The number of Ether staked on Ethereum’s Eth 2.0 staking contract has surpassed 13 million even as the layer one blockchain prepares to upgrade to a proof of stake consensus network.
Staking is the act of depositing 32 ETH to activate validator software. This ether is locked and inaccessible until the network upgrade. As opposed to a Proof of Work consensus where the network is kept secure by miners, under POS, the network is secured by validators who confirm transactions and include them in the blocks.
According to data from Ethereum Org, the cumulative number of coins staked on Eth 2.0 has reached 13,678,933 million- roughly 10.9% of the total Eth supply, with the aggregate number of unique validators tapping 406,409. These are the highest figures since a consensus vote to launch staking was passed in November 2020. Lido, a non-custodial liquid staking protocol for Ethereum, Solana, Kusama, Polkadot, and other chains, has the biggest share of Staked ETH at 31.74%.
Despite Eth 2.0 deposit contract initially requiring 524,000 ether to launch, the staking program was oversubscribed by over 400% days to the launch as Ethereum’s switch to PoS stoked the interest of many in the belief that after the Merge, ETH will complement BTC’s use cases as pristine collateral and a store of value.

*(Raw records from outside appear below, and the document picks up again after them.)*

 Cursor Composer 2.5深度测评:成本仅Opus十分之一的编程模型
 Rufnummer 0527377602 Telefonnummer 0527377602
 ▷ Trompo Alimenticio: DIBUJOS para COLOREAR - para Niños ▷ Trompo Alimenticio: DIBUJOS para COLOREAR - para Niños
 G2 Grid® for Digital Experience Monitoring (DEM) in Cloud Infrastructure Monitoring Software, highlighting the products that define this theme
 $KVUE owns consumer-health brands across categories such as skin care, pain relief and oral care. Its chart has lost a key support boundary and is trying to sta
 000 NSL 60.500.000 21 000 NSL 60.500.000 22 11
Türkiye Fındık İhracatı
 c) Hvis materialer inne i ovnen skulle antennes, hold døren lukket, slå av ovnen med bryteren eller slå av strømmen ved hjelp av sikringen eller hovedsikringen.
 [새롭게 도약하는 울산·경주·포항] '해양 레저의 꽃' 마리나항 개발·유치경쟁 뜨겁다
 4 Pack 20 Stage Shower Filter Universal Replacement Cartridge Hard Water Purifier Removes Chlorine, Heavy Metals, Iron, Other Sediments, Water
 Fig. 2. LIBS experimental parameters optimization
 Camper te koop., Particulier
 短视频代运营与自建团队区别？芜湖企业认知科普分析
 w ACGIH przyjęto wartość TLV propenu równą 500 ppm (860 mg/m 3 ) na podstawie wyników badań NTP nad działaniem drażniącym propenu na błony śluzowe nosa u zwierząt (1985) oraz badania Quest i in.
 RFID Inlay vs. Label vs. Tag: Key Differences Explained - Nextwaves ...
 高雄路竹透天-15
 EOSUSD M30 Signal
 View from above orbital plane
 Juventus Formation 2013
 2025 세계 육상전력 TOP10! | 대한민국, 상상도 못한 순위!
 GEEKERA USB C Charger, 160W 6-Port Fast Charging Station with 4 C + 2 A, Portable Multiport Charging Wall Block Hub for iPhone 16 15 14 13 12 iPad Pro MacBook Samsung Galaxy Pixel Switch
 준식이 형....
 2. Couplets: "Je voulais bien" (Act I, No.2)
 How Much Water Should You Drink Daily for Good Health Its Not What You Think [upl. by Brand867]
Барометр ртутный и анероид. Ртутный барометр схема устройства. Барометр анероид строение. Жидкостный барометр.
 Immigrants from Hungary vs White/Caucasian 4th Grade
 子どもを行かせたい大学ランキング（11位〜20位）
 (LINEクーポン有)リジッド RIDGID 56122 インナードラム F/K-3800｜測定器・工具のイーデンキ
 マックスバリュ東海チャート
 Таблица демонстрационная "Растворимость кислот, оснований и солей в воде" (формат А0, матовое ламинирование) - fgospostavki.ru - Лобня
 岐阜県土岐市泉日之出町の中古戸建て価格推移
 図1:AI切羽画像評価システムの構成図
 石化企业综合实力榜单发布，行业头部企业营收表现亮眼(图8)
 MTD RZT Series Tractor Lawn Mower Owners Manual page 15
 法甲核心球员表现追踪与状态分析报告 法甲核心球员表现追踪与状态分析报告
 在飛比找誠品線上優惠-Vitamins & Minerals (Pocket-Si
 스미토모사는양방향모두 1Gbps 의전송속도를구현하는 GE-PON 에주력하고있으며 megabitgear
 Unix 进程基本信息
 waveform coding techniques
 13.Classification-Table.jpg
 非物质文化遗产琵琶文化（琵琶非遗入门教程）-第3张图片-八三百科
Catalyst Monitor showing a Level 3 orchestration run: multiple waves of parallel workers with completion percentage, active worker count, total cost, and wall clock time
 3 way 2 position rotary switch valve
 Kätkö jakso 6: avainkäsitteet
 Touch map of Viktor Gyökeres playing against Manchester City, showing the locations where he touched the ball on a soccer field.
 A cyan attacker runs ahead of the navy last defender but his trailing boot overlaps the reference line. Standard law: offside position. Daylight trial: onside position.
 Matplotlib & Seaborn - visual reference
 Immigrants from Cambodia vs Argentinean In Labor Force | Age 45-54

According to data from staking rewards, stakers are currently earning 4.25% in annual yields, which is expected to jump to 6+% post-merge.
Ethereum 2 (Eth 2.0) is the next generation of Ethereum and entails transitioning to a proof of stake consensus through “the merge.” The merge entails fusing the Beacon chain with the main chain, officially switching the network to a POS consensus algorithm. The incoming POS upgrade is expected to ease bottlenecks associated with the current network, including high energy consumption, low throughput during congestion, and high network fees.
There is a 74.12% progress on Ethereum’s journey to the merge with 22 open tasks and 63 closed tasks, data from staking rewards has shown. Developers are warming up to run one more testnet before the much-awaited merge is rolled out.